I came across this article the other day, discussing why Trump's supporters don't care that he lies:
https://blogs.scientificamerican.co...ence-of-blue-lies-may-explain-trumps-support/
The idea is that there's something called "blue lies" -- somewhere between white lies, which are told to help others ("My, what a... lovely tie!") and "black" lies, which are told to hurt others. Blue lies are meant to help members of your own group and hurt members of other groups. Sometimes the political or ideological positions people take are things they know to be untrue, but they assert them as truth anyway because it hurts the other side.
The thing about the flat-Earth theory is that nobody with any observational skills or intelligence at all actually believes it. Anyone who's traveled more than a few kilometers from home has seen familiar landmarks sink below the horizon. As such, intellectuals have long used the alleged belief in a flat Earth as a way of mocking the ignorant. The old legend about Columbus sailing to prove the Earth was round is the most famous example of this. Everyone already knew the Earth was round; the Ancient Greeks proved that two millennia ago. The only debate in Columbus's time was over just how big it was, and Columbus made his voyage because he believed the
wrong answer, thinking that the Earth was smaller than it actually is and that he could therefore sail west and reach Asia before his crews ran out of food and water. The only reason he survived his ignorance is because the Americas happened to be in the way, but he went to his grave believing he'd actually reached the East Indies, which is why the lands he discovered ended up being called the West Indies -- to immortalize the fact that Columbus was an idiot.
But it suited writers like Washington Irving to recast Columbus as a mythic hero of the Enlightenment, whose discovery of the Americas disproved the folly of the hidebound institutions back in Europe. In order to mock those institutions, they invented the myth that they'd actually believed the Earth was flat -- something that was obviously untrue and only an absolute moron would actually believe. It was pure propaganda. Ironically, later generations forgot that and it came to be taught as factual history, even though it makes no sense if you actually think about it.
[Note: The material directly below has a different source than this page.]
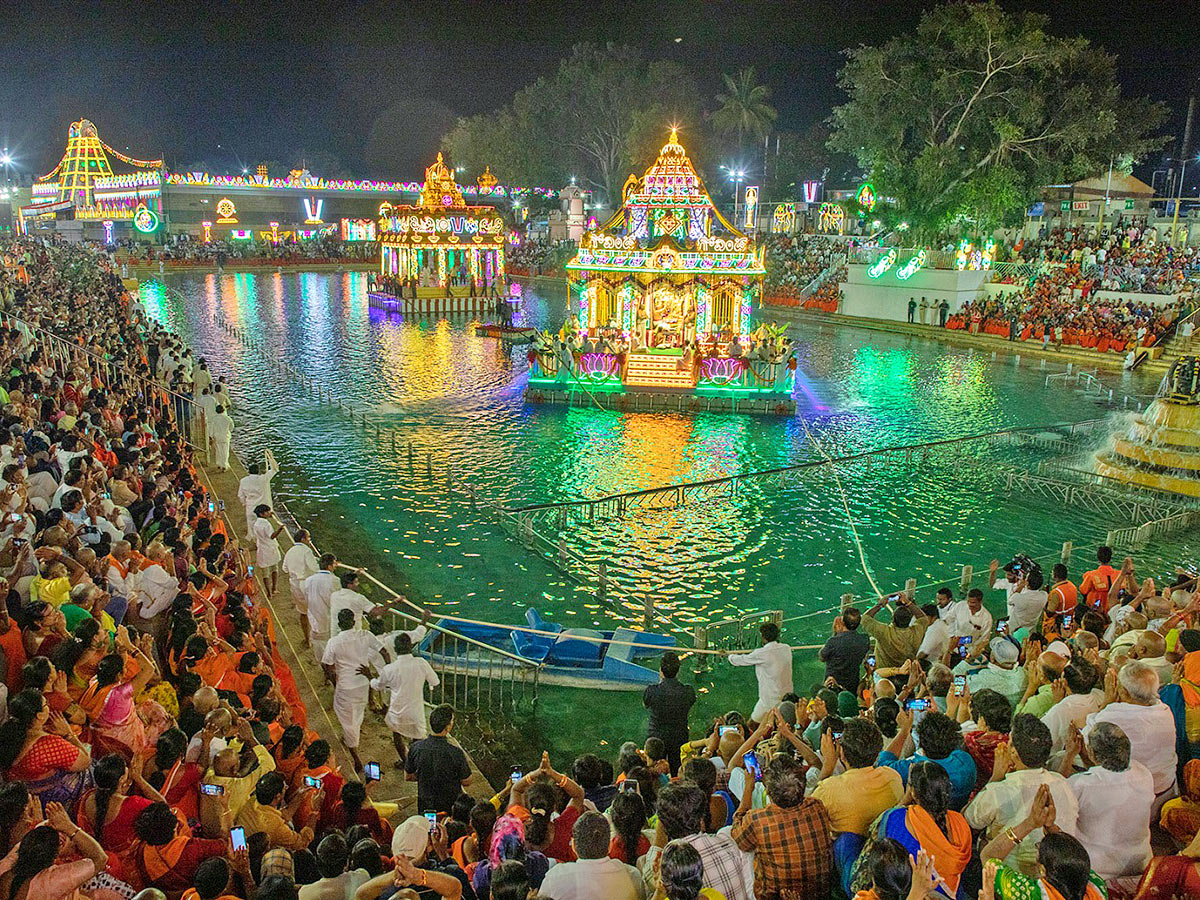 Srivari_20Salakatla_20Theppanotsavam_20in_20Tirumala-4.jpg 4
Anyway, because of the Columbus myth, belief in a flat Earth became a common metaphor for mocking any belief system that's scientifically ignorant or out of touch with objective reality, such as creationism or climate denial. So what I believe is that the anti-intellectual, anti-science faction in America has consciously chosen to embrace the pretense of believing in a flat Earth as a blue lie, a way of expressing their hostility to science and reason and the political causes aligned with them. They know, on some level, that it's not objectively true, but they don't care, because it's not about objectivity, it's about ideology and defiance. If the other side derides it, then they embrace it.